The disclosure relates to a neural core, a neural processing device including the same, and a method for loading data of the neural processing device. More particularly, the disclosure relates to a neural core, a neural processing device including the same, and a method for loading data of the neural processing device, which are capable of executing instructions of high utilization during data loading.

For the last few years, artificial intelligence technology has been the core technology of the Fourth Industrial Revolution and the subject of discussion as the most promising technology worldwide. The biggest problem with artificial intelligence technology is computing performance. For artificial intelligence technology to realize a level of human learning ability, reasoning ability, perceptual ability, natural language implementation ability, etc., it is of the utmost importance to process a large amount of data quickly.

The central processing unit (CPU) or graphics processing unit (GPU) of off-the-shelf computers was used to implement deep-learning training and inference in early artificial intelligence, but these components had limitations in their ability to perform the tasks of deep-learning training and inference with high workloads. Thus, neural processing units (NPUs) that are structurally specialized for deep learning tasks have received a lot of attention.

In particular, data are frequently loaded in the deep-learning training and inference of such a neural processing unit, and a lot of time and resources may be allocated to such a load task. Therefore, various methods for improving the efficiency of a load task are being discussed.

The description set forth in the background section should not be assumed to be prior art merely because it is set forth in the background section. The background section may describe aspects or embodiments of the disclosure.

Aspects of the disclosure provide a neural core capable of performing frequently used operations during a data loading process.

Aspects of the disclosure provide a neural processing device capable of performing frequently used operations during a data loading process.

Aspects of the disclosure provide a method for loading data of a neural processing device capable of performing frequently used operations during a data loading process.

According to some aspects of the disclosure, a neural core comprises a processing unit configured to perform operations, an L0 memory configured to store input data and a load/store unit (LSU) configured to perform a load task and a store task of data between the processing unit and the L0 memory, wherein the LSU comprises a local memory load unit configured to transmit the input data in the L0 memory to the processing unit, and the local memory load unit comprises a target decision module configured to identify and retrieve the input data in the L0 memory, a transformation logic configured to transform the input data and thereby generate transformed data and an output first in first out (FIFO) configured to receive the transformed data and transmit the transformed data to the processing unit in the received order.

According to some aspects, the local memory load unit further comprises a tensor register file configured to receive the input data from the target decision module, provide the input data to the transformation logic, and receive the transformed data from the transformation logic.

According to some aspects, the tensor register file has i entries, and a number of FIFOs of the output FIFO is i.

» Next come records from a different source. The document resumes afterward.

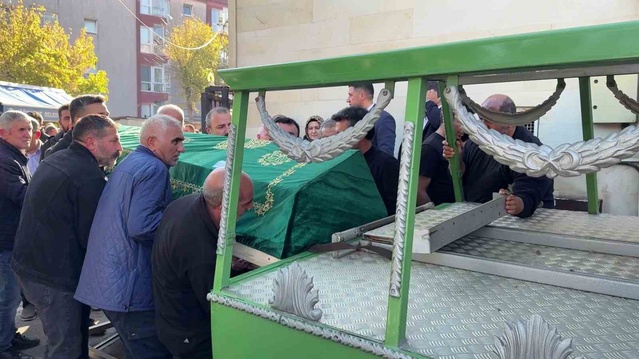 Selde kaybolan 63 yaşındaki Ahmet Derin, Kağıthane'de son yolculuğuna uğurlandı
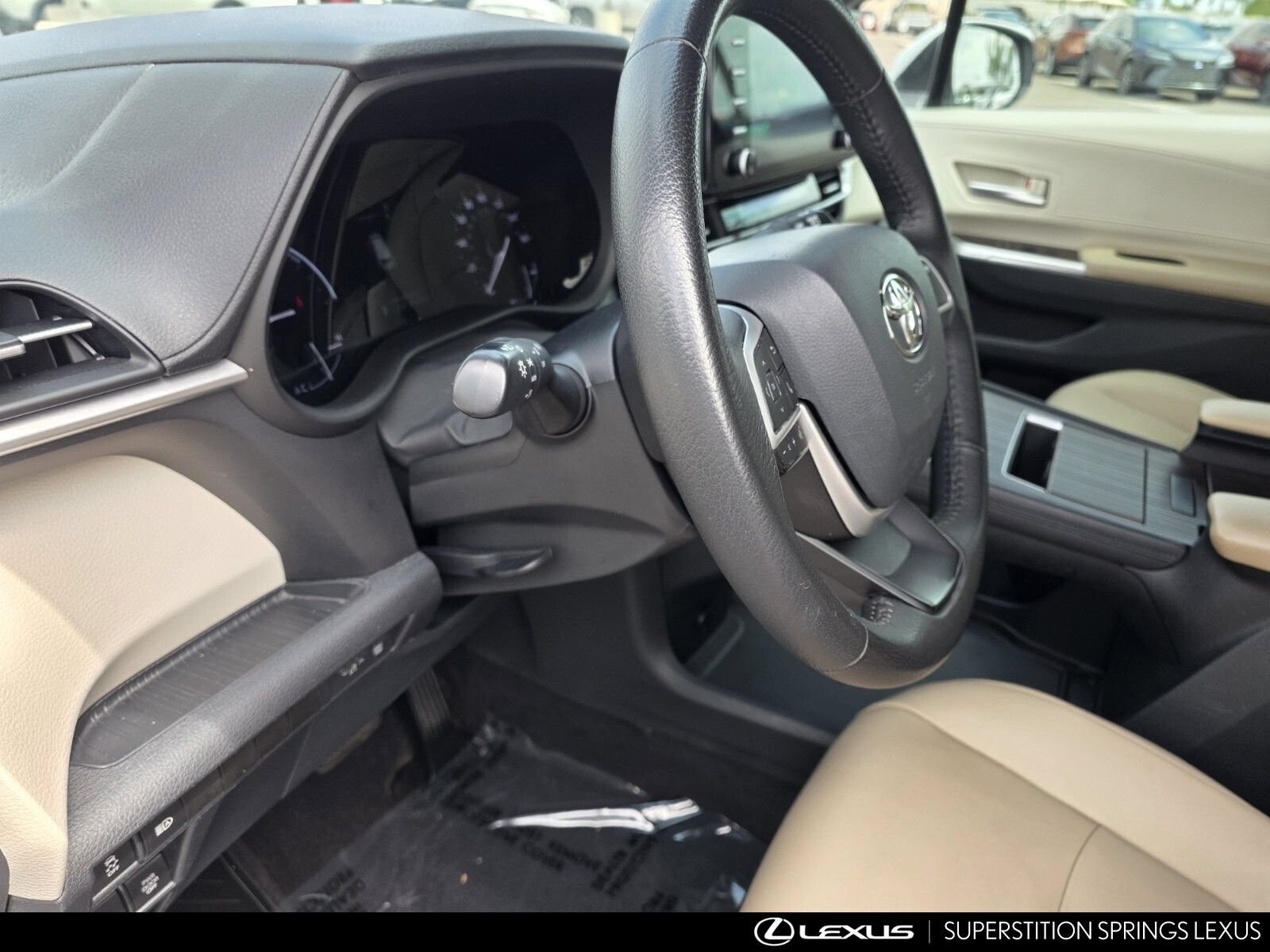 Used 2022 Toyota Sienna XLE FWD image 16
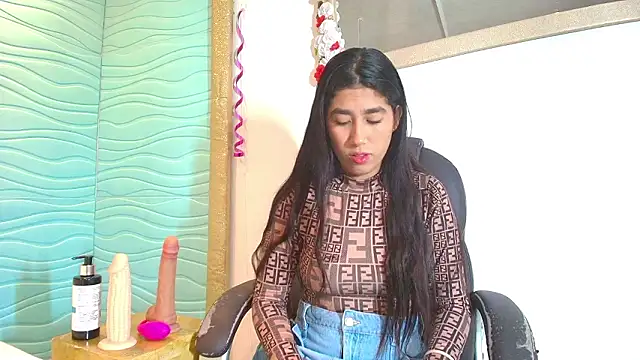 Mia Montess online show from February 2026 01:07:02 PM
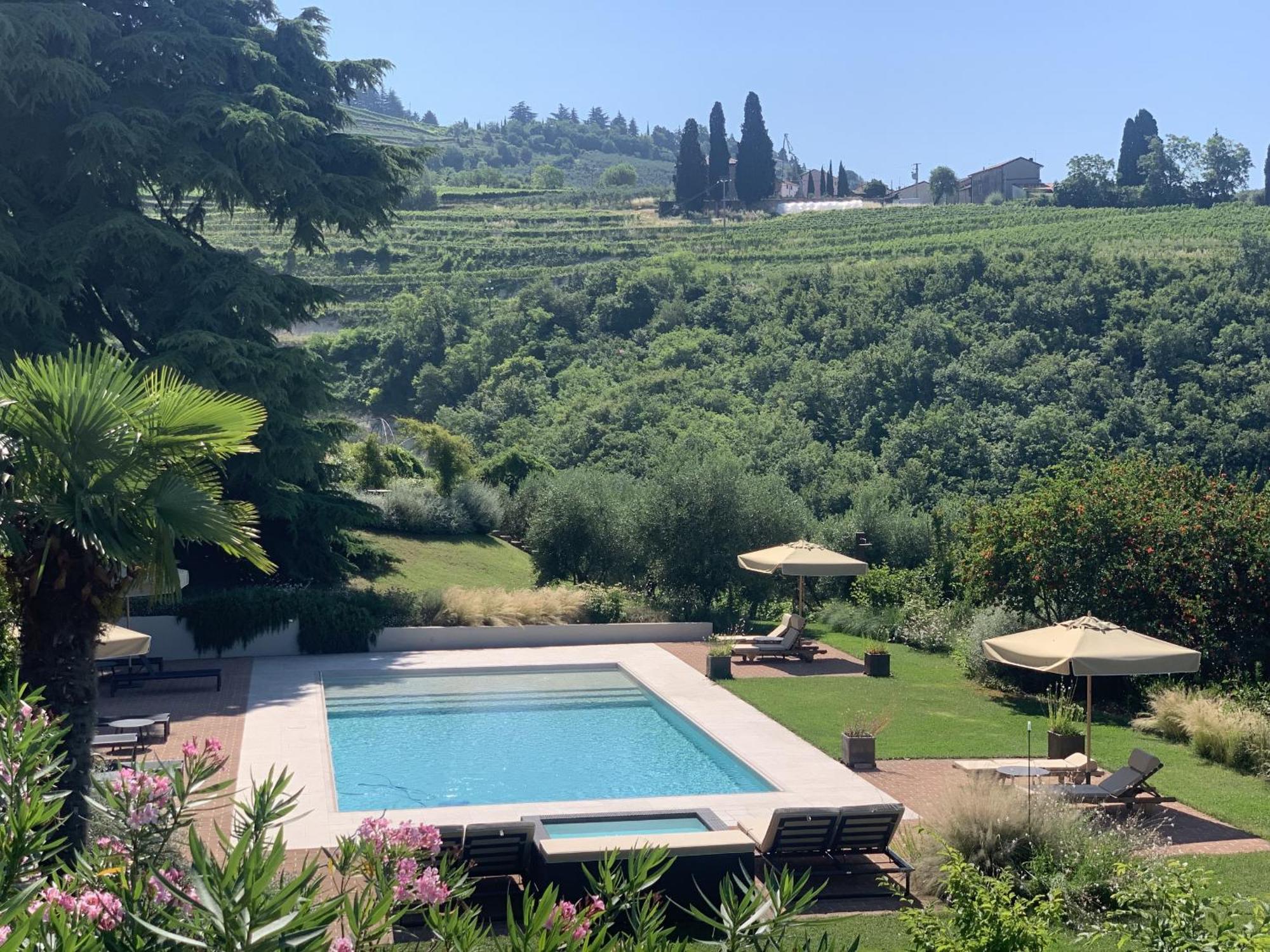 Torre Di Terzolan With Pool, Jacuzzi And Golf Putt Villa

According to some aspects, the transformation logic performs a merge operation or a shuffle operation, and the transformed data is generated by transforming an order of data granules of the input data by the merge operation or the shuffle operation.

According to some aspects, the transformation logic performs the merge operation, the input data comprises first and second input data, the transformed data comprises first and second transformed data, the first input data comprises first and second data granules of same size each other, the second input data comprises third and fourth data granules of same size each other, the first transformed data comprises the first and third data granules, and the second transformed data comprises the second and fourth data granules.

According to some aspects, the input data has a size of an even multiple of one of the data granules.

According to some aspects, the input data is i times larger than one of the data granules at most, and the processing unit receives i input data simultaneously.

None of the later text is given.